Work request:
Using only the entries below, copy exactly the lines that begin at the one with "How To Set Up" and end at the one with "Thrapston Cabaña |", both included. Drop the pictures.

══ Source records

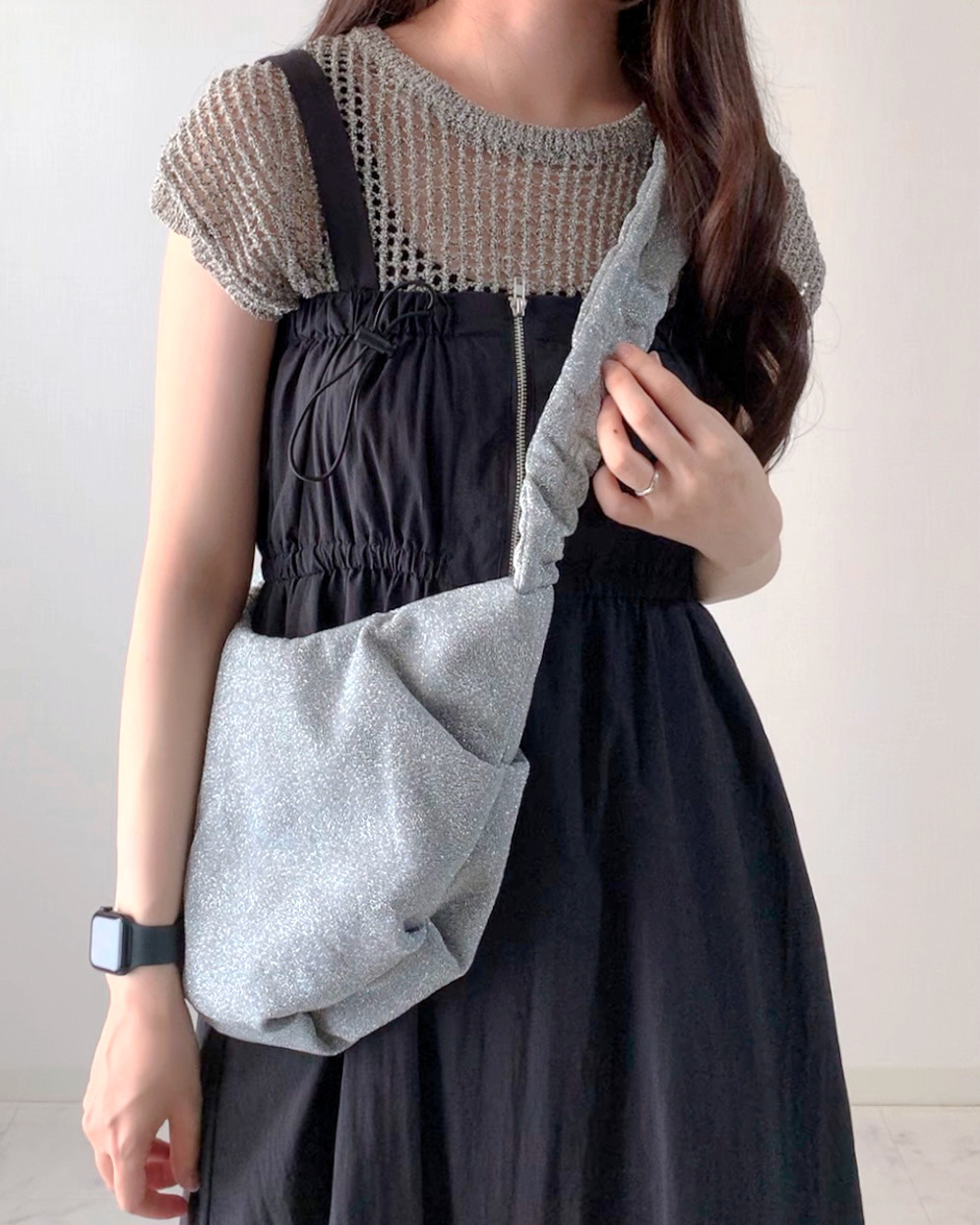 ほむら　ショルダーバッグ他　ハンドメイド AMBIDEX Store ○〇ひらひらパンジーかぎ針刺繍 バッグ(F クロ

════
══ Source records

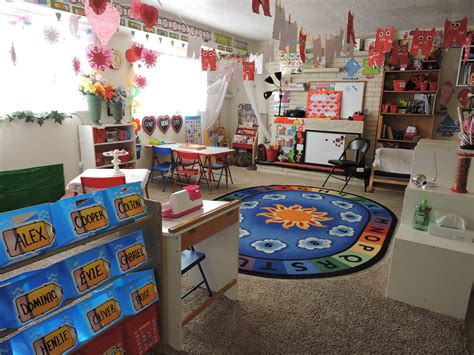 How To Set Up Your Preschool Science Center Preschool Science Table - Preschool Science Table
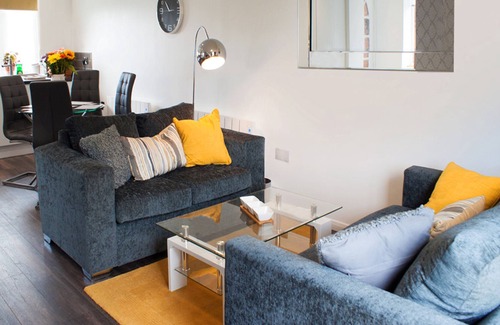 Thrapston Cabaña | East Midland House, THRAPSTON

════

Task output:
 How To Set Up Your Preschool Science Center Preschool Science Table - Preschool Science Table
 Thrapston Cabaña | East Midland House, THRAPSTON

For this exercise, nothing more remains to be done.